> [Work order]
Repeat everything in the data exactly except images.

> [Dataset excerpt]
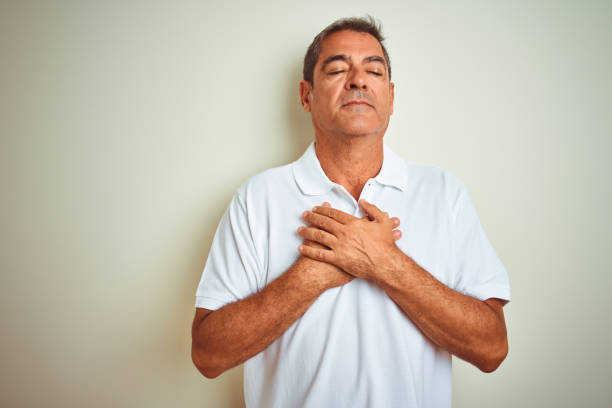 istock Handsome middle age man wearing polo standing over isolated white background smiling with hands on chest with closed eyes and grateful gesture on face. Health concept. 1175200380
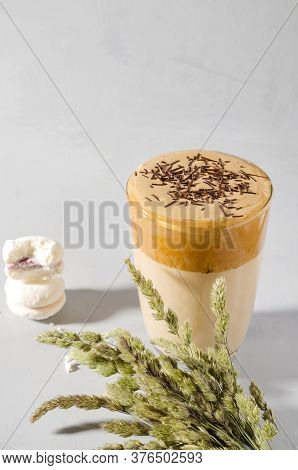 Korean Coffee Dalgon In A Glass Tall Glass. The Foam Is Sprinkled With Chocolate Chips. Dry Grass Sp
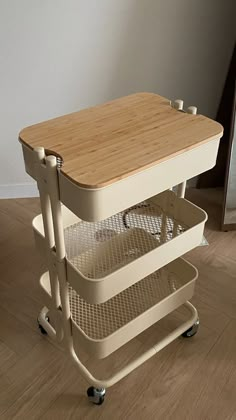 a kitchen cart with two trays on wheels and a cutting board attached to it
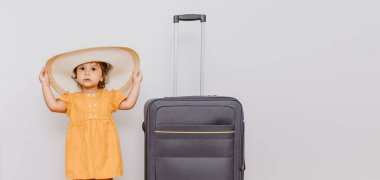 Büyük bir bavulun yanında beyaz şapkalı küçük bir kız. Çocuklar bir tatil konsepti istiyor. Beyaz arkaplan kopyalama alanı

> [Task response]
 istock Handsome middle age man wearing polo standing over isolated white background smiling with hands on chest with closed eyes and grateful gesture on face. Health concept. 1175200380
 Korean Coffee Dalgon In A Glass Tall Glass. The Foam Is Sprinkled With Chocolate Chips. Dry Grass Sp
 a kitchen cart with two trays on wheels and a cutting board attached to it
 Büyük bir bavulun yanında beyaz şapkalı küçük bir kız. Çocuklar bir tatil konsepti istiyor. Beyaz arkaplan kopyalama alanı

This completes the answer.